Just passed an anti-circumcision dude with a sign. Handing-out-bibles guy has been officially one-upped.
just put an icicle in the bong. best/worst idea ever. i think i can taste global warming right now.
Little boy scout stared at me with judgmental looks while I bought 3 bottles of liquor but refused to buy popcorn from him
So much beer in the passenger seat the seatbelt light is blinking
Its hard to hear the music in here over his nasal whistle. And his breath smells like old milk. I think I need more vodka, and he better be buying. You owe me.
Did you Fuck minivan and her friend last night?

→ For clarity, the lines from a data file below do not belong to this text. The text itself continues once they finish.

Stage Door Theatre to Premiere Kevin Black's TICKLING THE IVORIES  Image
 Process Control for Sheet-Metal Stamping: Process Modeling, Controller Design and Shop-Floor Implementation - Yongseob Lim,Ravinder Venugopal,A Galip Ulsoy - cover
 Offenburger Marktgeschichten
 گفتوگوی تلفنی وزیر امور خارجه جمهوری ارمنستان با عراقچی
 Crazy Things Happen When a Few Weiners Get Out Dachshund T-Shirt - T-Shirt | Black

You were convinced you would hurt my car if you opened the door. Then you barfed in the pretzle bucket Peter gave you
Kyle found me outside his apartment in the hallway. Said he didn't hear me knock bt smelled alcohol through the door. I'm sucha bitch to my liver
How early is too early to study with margaritas?

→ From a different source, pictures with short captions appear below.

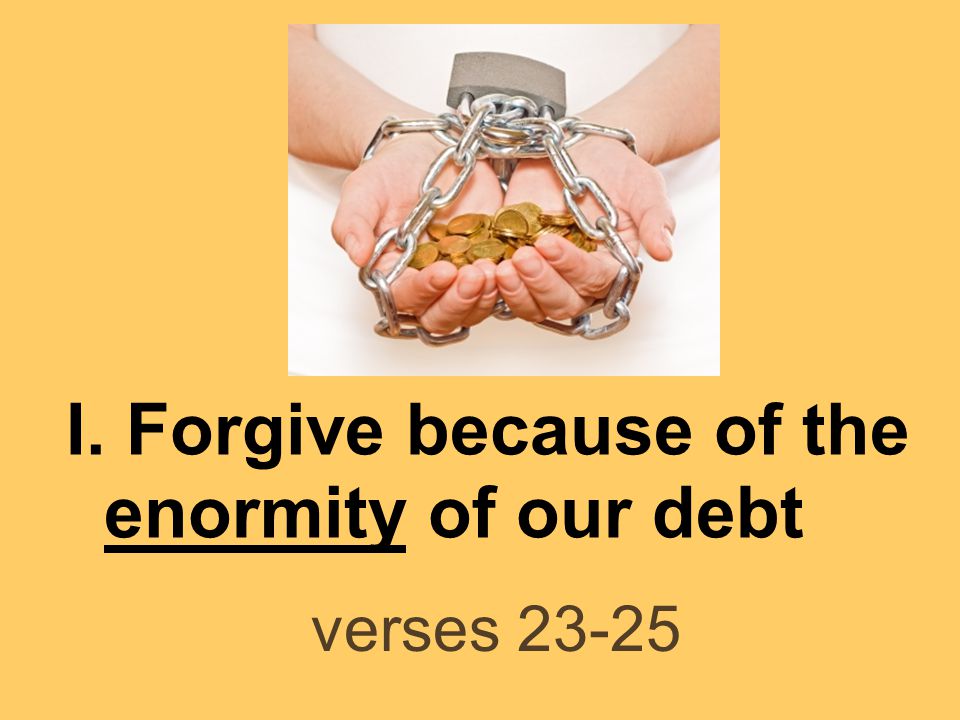 I. Forgive because of the enormity of our debt verses 23-25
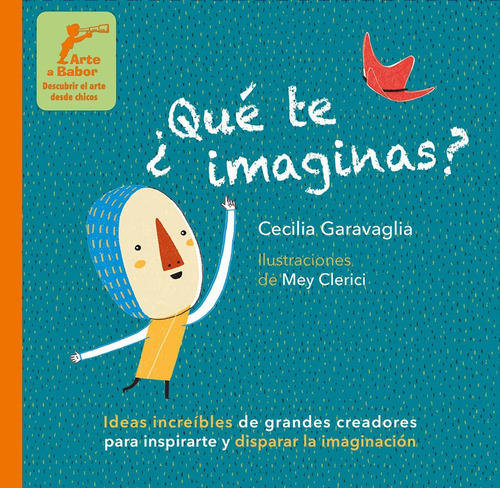 ¿Qué te imaginas?: Ideas increibles de grandes creadores para inspirarte y disparar la imaginación, de Garavaglia. Editorial ARTE A BABOR, tapa blanda en español, 2019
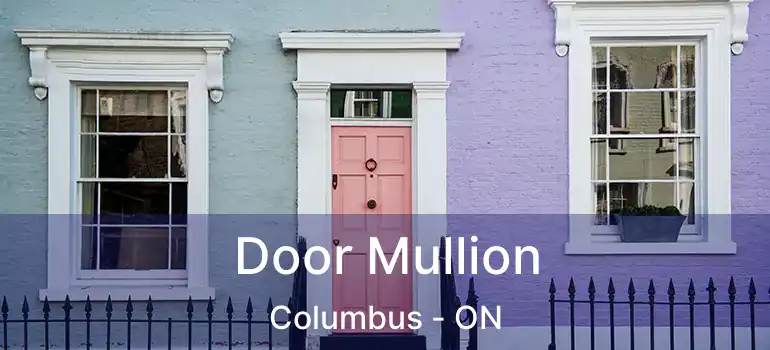 Door Mullion Columbus - ON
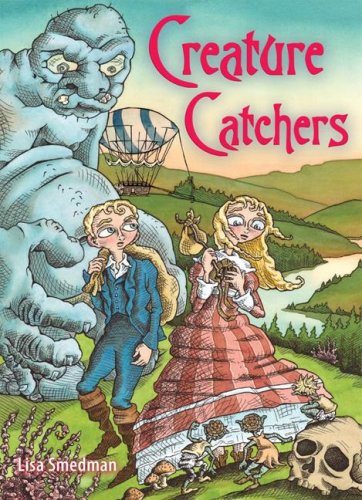Creature Catchers (9781554510573) by Smedman, Lisa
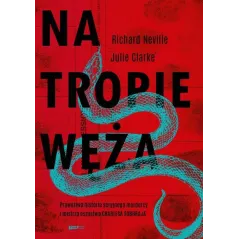 NA TROPIE WĘŻA Richard Neville - Znak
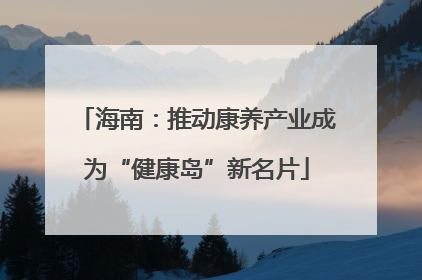 海南：推动康养产业成为“健康岛”新名片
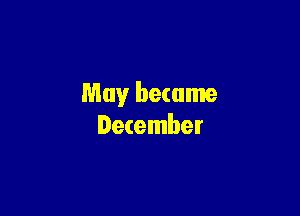 May became

December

You're such a good friend. You send me pictures of your boobs when I'm sad. I will always appreciate that.
Oh I'm sorry does your girlfriend send you better pictures of things in her ass? No? Didn't think so. Remember that the next time you wanna complain how I don't make the first move enough.
There is a special place in hell for people who only eat the center of the pot brownies.
anything below 65° is too cold to be naked on a roof
Our livers are going to hate us.
It's okay, they're regenerative. God wanted this.